Return all the data below as it stands, minus the pictures.

----- Dataset extract -----

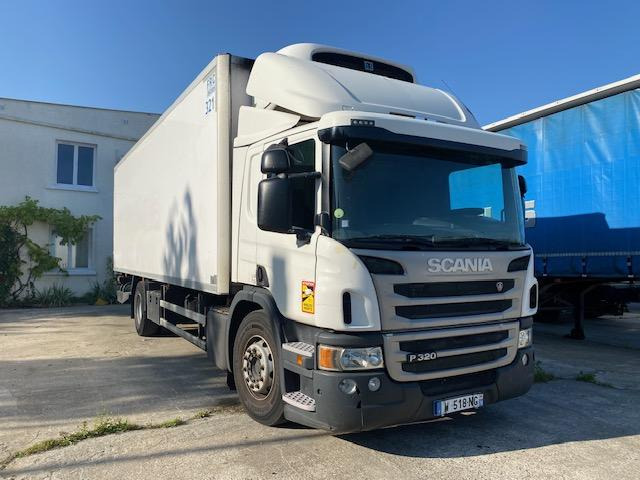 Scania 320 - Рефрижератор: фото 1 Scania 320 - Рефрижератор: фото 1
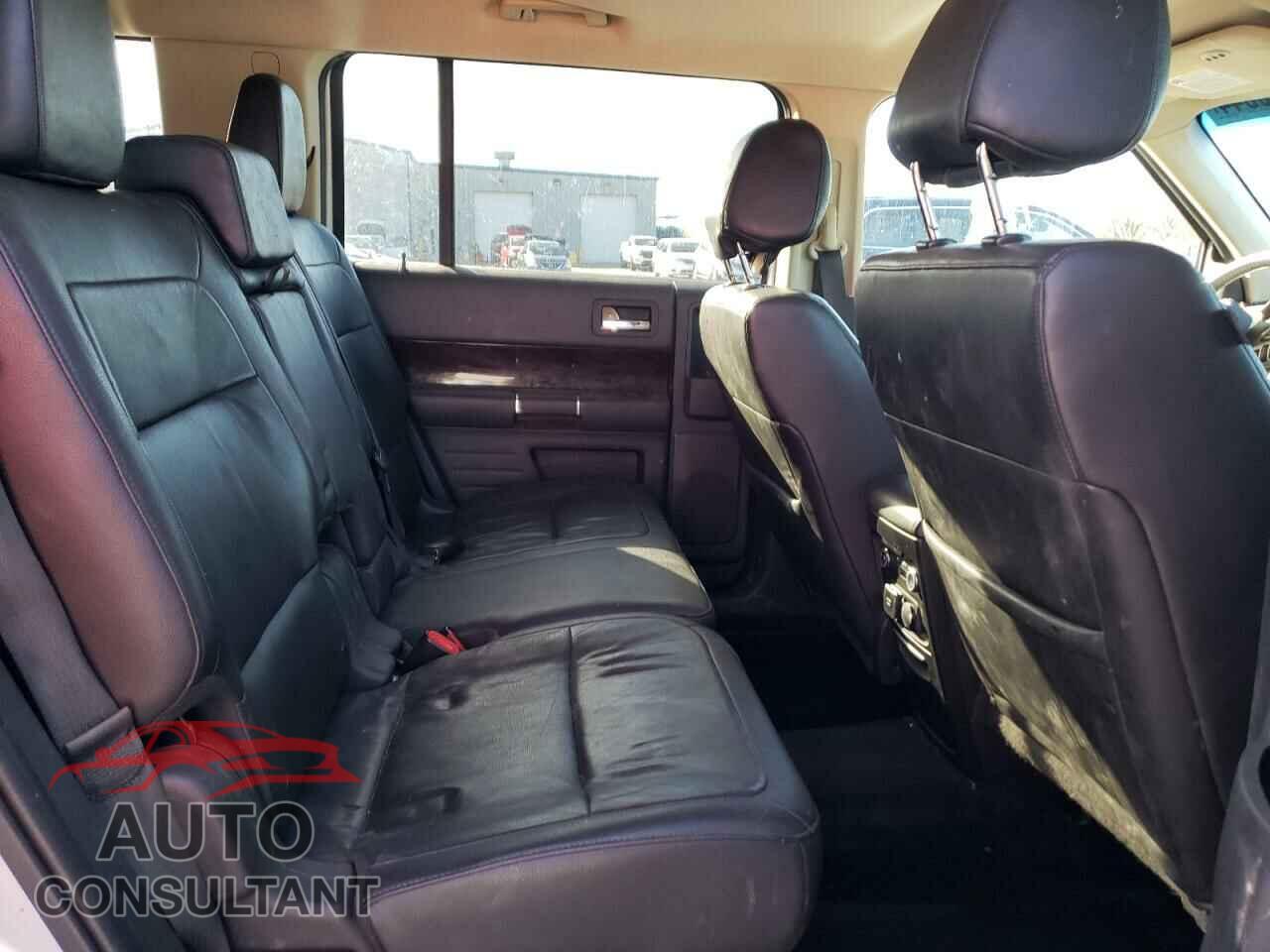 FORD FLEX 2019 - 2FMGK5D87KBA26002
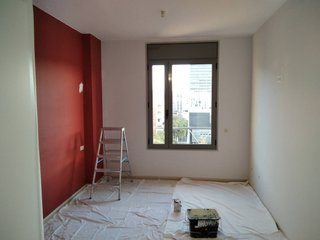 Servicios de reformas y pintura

-----

Output below:
 Scania 320 - Рефрижератор: фото 1 Scania 320 - Рефрижератор: фото 1
 FORD FLEX 2019 - 2FMGK5D87KBA26002
 Servicios de reformas y pintura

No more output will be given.